## Recorded information:
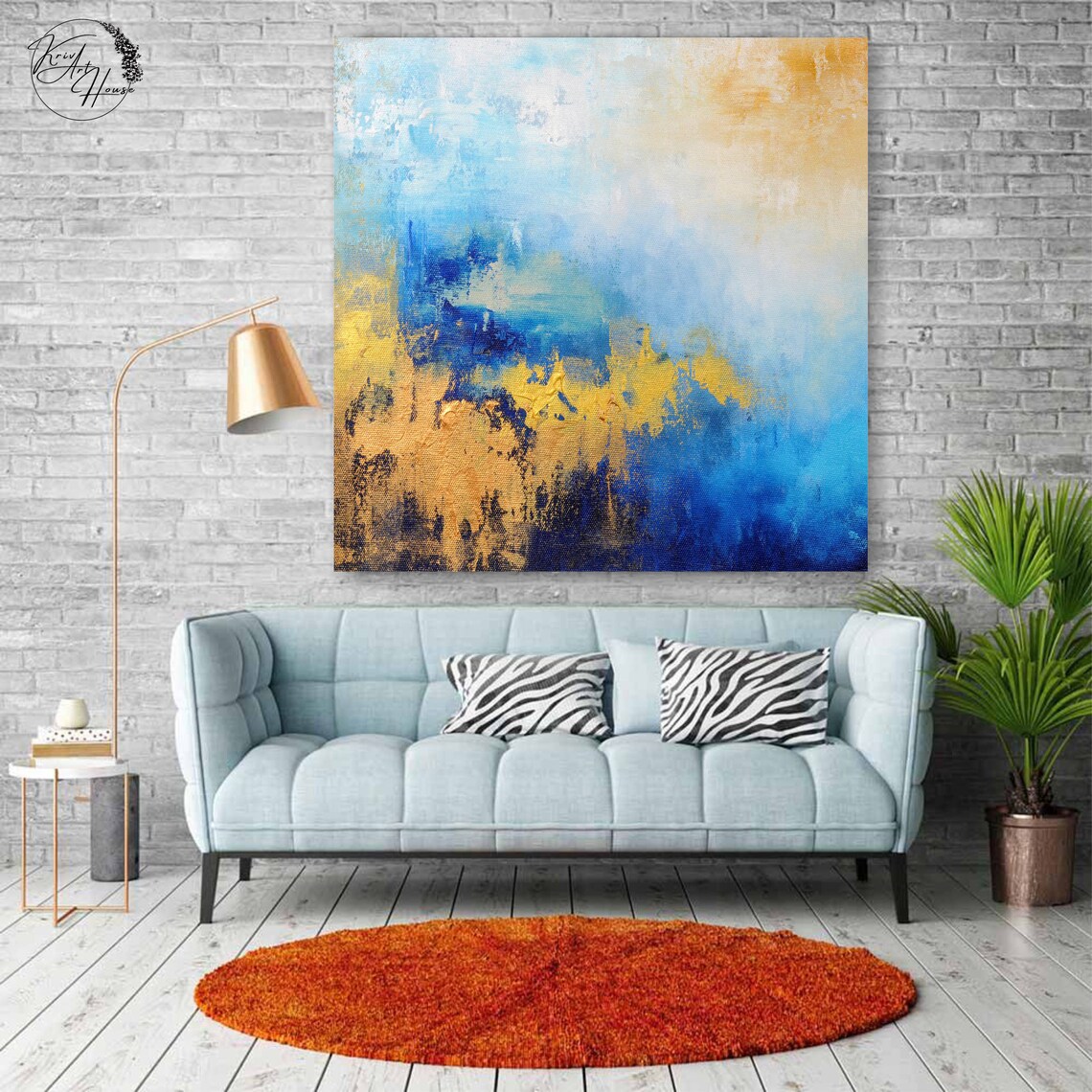 Large Modern Abstract Painting, Panoramic Wall Art Print - Image 3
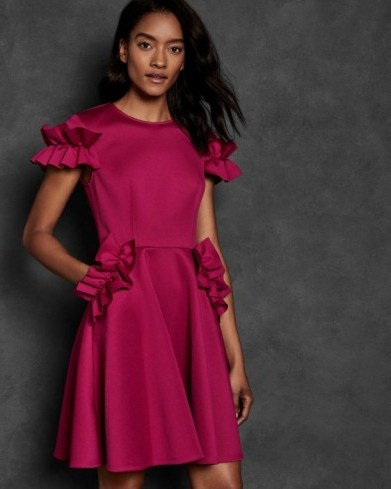Ted Baker LUUCIEE Ruffle detail skater dress in deep-pink - flipped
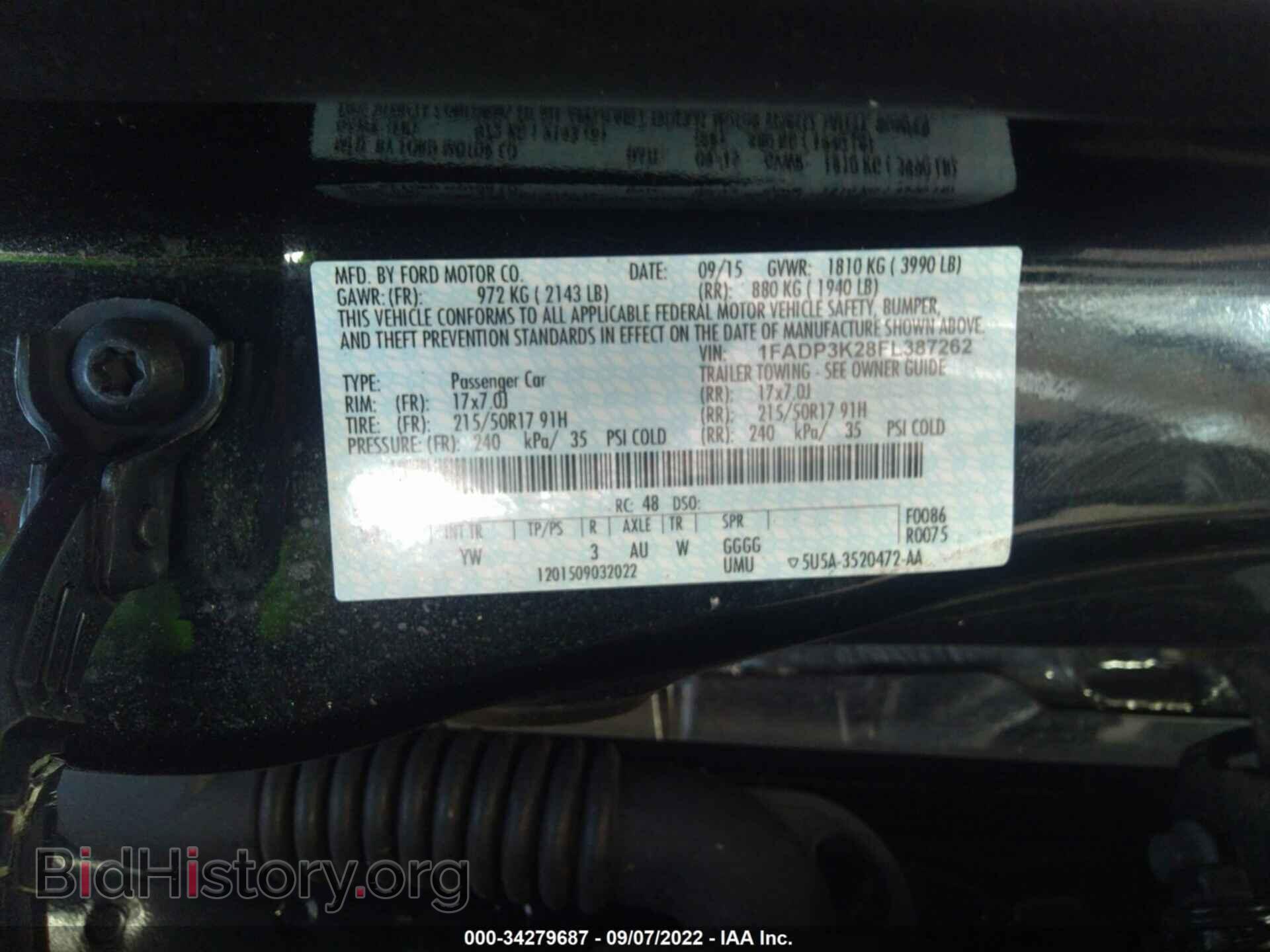 2015 FORD FOCUS - VIN: 1FADP3K28FL387262 - Фото 9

## Work order:
Starting with the line that contains "Ted Baker LUUCIEE", give the lines again exactly as they appear through the last line of the data, pictures excluded.

## Solution:
Ted Baker LUUCIEE Ruffle detail skater dress in deep-pink - flipped
 2015 FORD FOCUS - VIN: 1FADP3K28FL387262 - Фото 9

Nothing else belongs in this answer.